_WHAT THE EXERCISE ASKS_
Give back word for word every line from the one that includes "Pyramid Game Chapter 82 - page 152" through the last line of the listing, and nothing besides.

[[ AVAILABLE DATA, beginning ]]

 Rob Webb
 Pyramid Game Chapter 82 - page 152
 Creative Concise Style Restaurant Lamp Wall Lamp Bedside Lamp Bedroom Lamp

[[ AVAILABLE DATA, end ]]

_OUTPUT BELOW_
 Pyramid Game Chapter 82 - page 152
 Creative Concise Style Restaurant Lamp Wall Lamp Bedside Lamp Bedroom Lamp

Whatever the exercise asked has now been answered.